***This article was updated with the official statement from Ingenium, the parent organization of the Canada Aviation and Space Museum.***
The Canada Aviation and Space Museum in Ottawa is seeking a new home for one of the aircraft in its collection. The aircraft in question, a 1920 Curtiss Model F Seagull, once served in an aerial survey capacity over the Amazon River in Brazil. It was later donated to Britain’s Science Museum where it was damaged during a German bombing raid in 1941.
The Seagull was initially lent to the federal government-operated museum, but the loan became ‘permanent’ when it was bartered for the nose section of a Douglas Dakota. Restoration work on the Seagull began in 1970 and finished in 1974.

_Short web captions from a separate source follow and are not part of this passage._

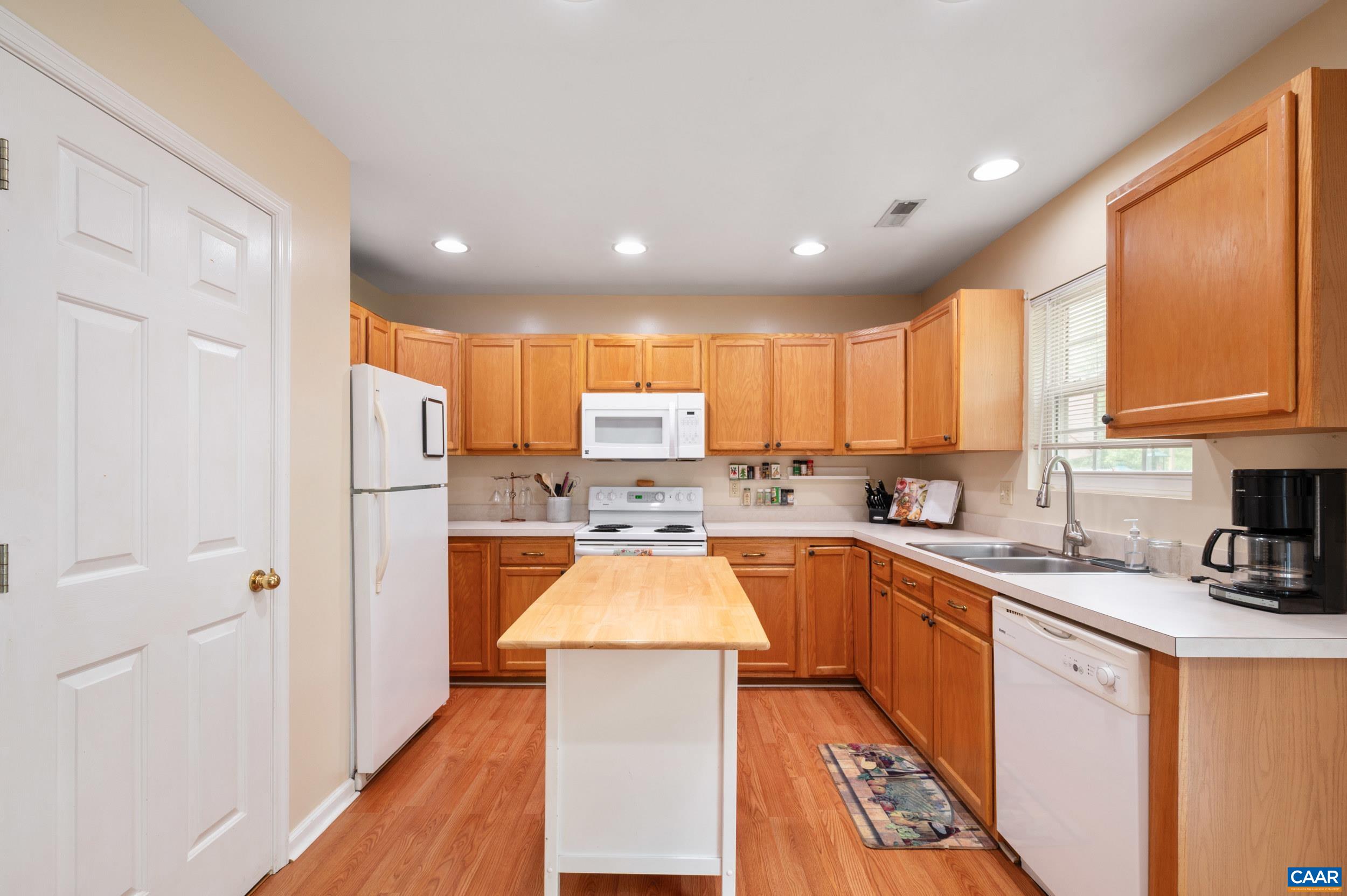 103 HARTFORD CT, CHARLOTTESVILLE, Virginia 22902, 4 Bedrooms Bedrooms, ,3 BathroomsBathrooms,Residential,Affordable Belmont Townhome,103 HARTFORD CT,679737 MLS # 679737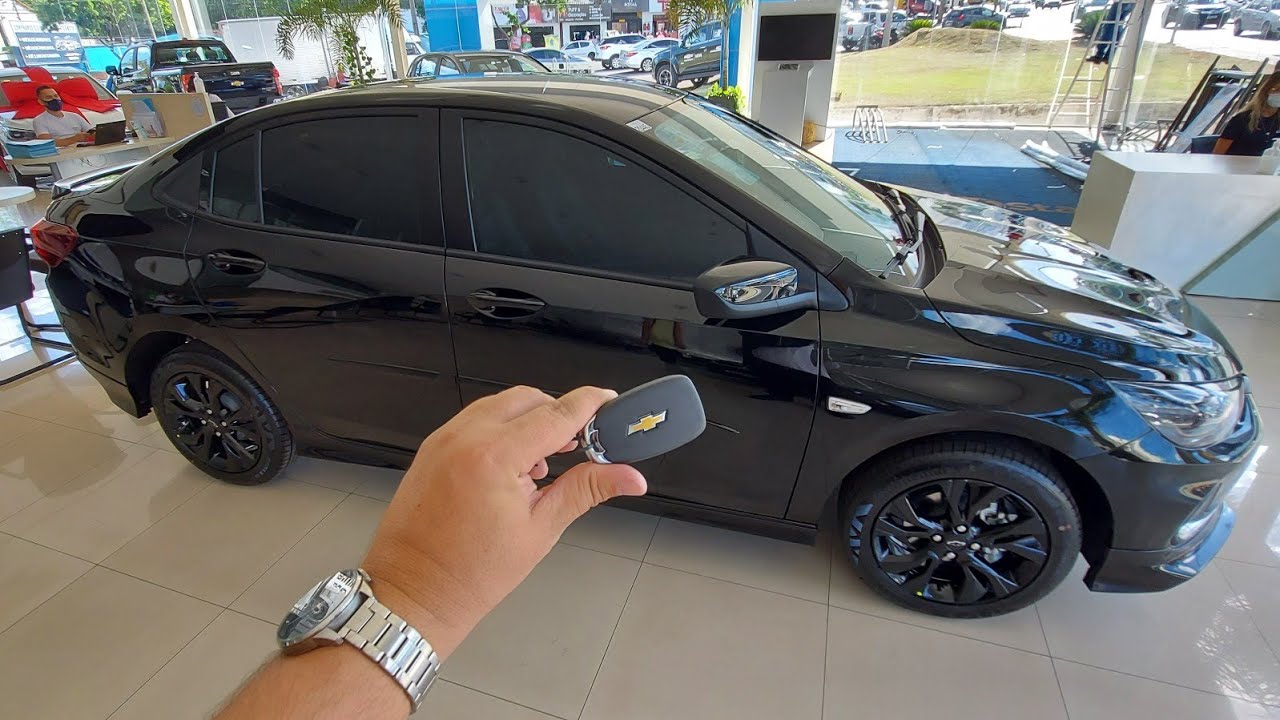 Detalhes novo Chevrolet onix plus premier midnight  turbo 116cv 2022 preto ouro negro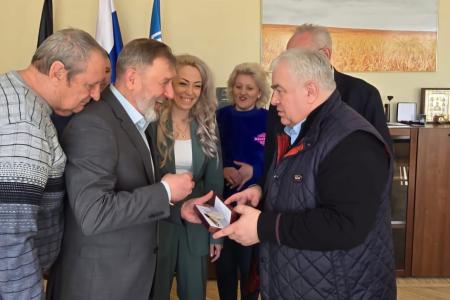 Делегация КПРФ во главе с Казбеком Тайсаевым прибыла в Донецкую Народную Республику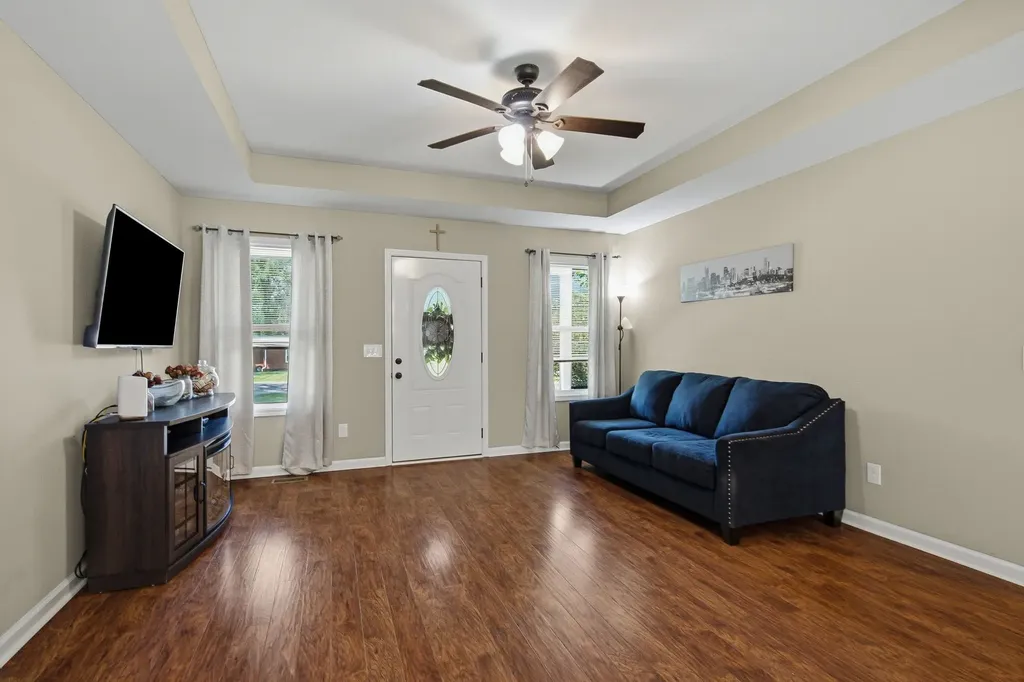 208 Pitt Lane Springfield TN 37172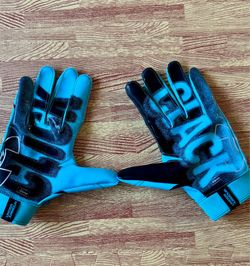 Under Armour  size medium football gloves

According to the museum’s artifact handler Johic Nicolas, the Seagull has to go, and he doesn’t want to see it dismantled, or worse. “Such is the pressure to get this aircraft out that there is talk of scrapping [it] altogether,” said Nicolas in an email to other museums.
“As part of our current work to prepare the Canada Aviation and Space Museum for the arrival of a Buffalo CC-115 aircraft from the Department of National Defence and preparations for a new Cold War exhibition, Ingenium is assessing the appropriate placement and locations of our aircraft to best reflect the revised scope of our exhibition spaces,” said Philippe Tremblay, Ingenium media relations and communications officer in a statement to Canadian Aviator. “Ingenium continuously reviews its artifacts to ensure that they best represent Canada, our history and significant technological contributions. This includes a rigorous collection review, which involves recommendations to deaccession an artifact or object when it no longer fits the scope of our national collection. As part of this review, it has been decided that the Curtiss Seagull will be deaccessioned from the collection. Ingenium is actively in conversations with interested Canadian institutions to find the Seagull a new home.”
The Seagull flying boat was designed and built with the US Navy purchasing hundreds, employing it as a flying boat trainer. Others were sold to the Russian navy, and some were built in Italy. A few Seagulls saw civilian service in 1927 flying routes between Miami, Florida and Nassau, Bahamas.
Powered by a Curtiss water-cooled 100-hp V-8 piston engine driving a two-blade fixed-pitch pusher propeller, the Seagull, largely constructed of mahogany, could reach a maximum speed of 60 knots with a service ceiling of 4,500 feet. It took 10 minutes to reach that altitude after a sea-level takeoff.
Wingspan is slightly over 45 feet, length is almost 28 feet, height is just over 11 feet and the amphib weighs in at 1,957 pounds.